There is a trip on tap for most folks during the summer—whether it is an extended trip on public transportation or a road trip to regional attractions with friends and family, food comes into the picture. What and when are we going eat? Food for thought is the key to health wise choices when traveling. If you give thought to food options in advance, it helps keep you on a healthy course.
When traveling keep the same guidelines you follow for good health when you are at home.

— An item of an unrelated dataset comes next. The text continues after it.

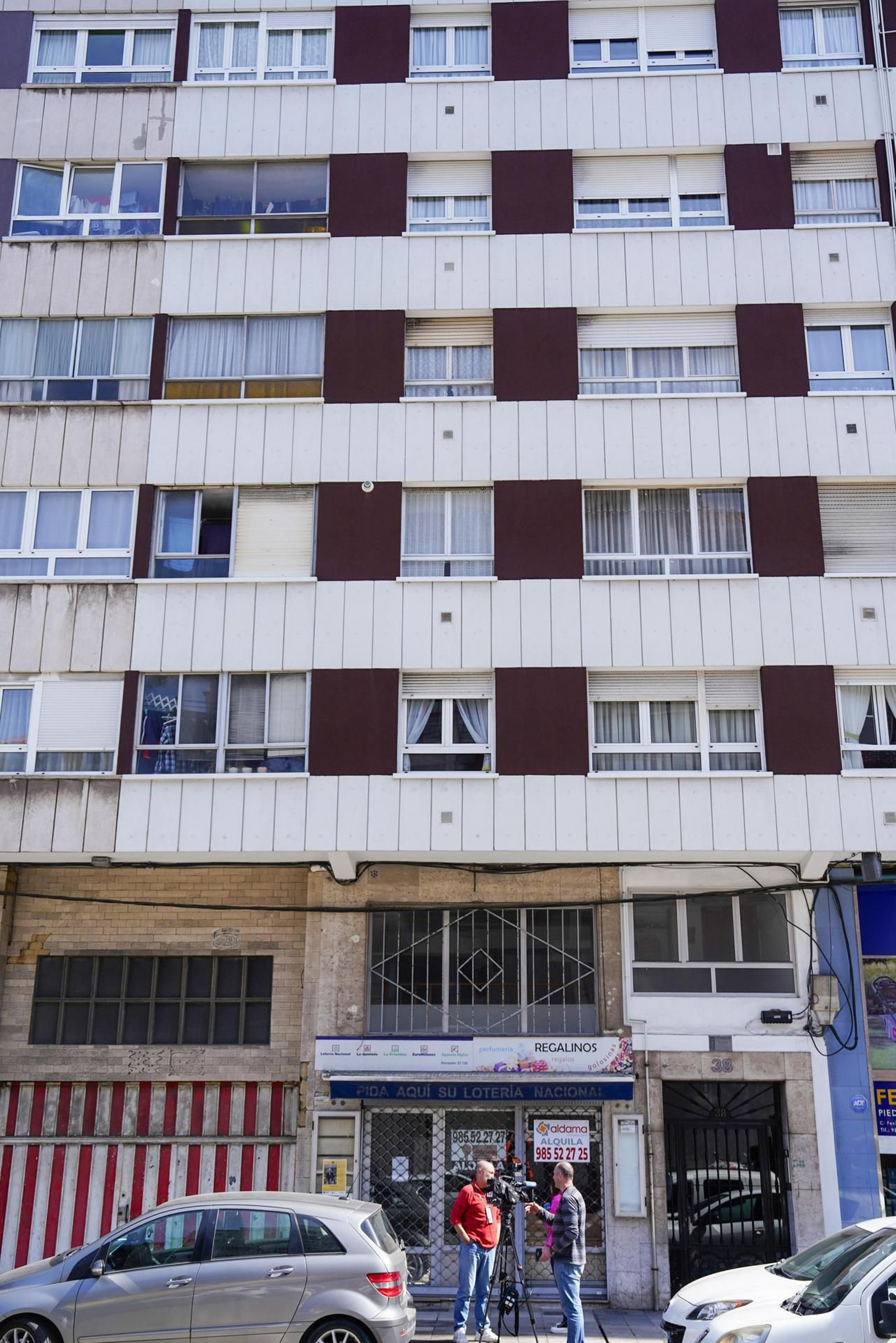 Fachada del edificio desde el que se precipitaron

• Include plenty of fruits and vegetables in your daily diet. • Drink ample amounts of water—you’ll feel better and be more alert when you stay hydrated. This is especially important when traveling on planes (that’s why you often see airline staff with water bottles in hand) • Keep fried foods to a minimum; choose items that are grilled, baked or boiled. • Snack on fresh or dried fruits and veggies—cherries, grapes, apples, plums, carrots, or celery. • Include physical activity—walk briskly or use the fitness equipment at your destination. • Plan a regular eating schedule; you’ll be less likely to be tempted to eat high-calorie snacks and treats between meals.
In starting your trip don’t skip breakfast. If you’re headed to the airport for an early morning flight, eat something. Consider whole-grain toast with peanut butter or take a peanut butter sandwich on whole wheat bread along. Once you pass through airport security enjoy the sandwich with low-fat milk, water or coffee. This out-the-door choice fuels the body with, nutrient dense calories that give you energy, protein, and fiber.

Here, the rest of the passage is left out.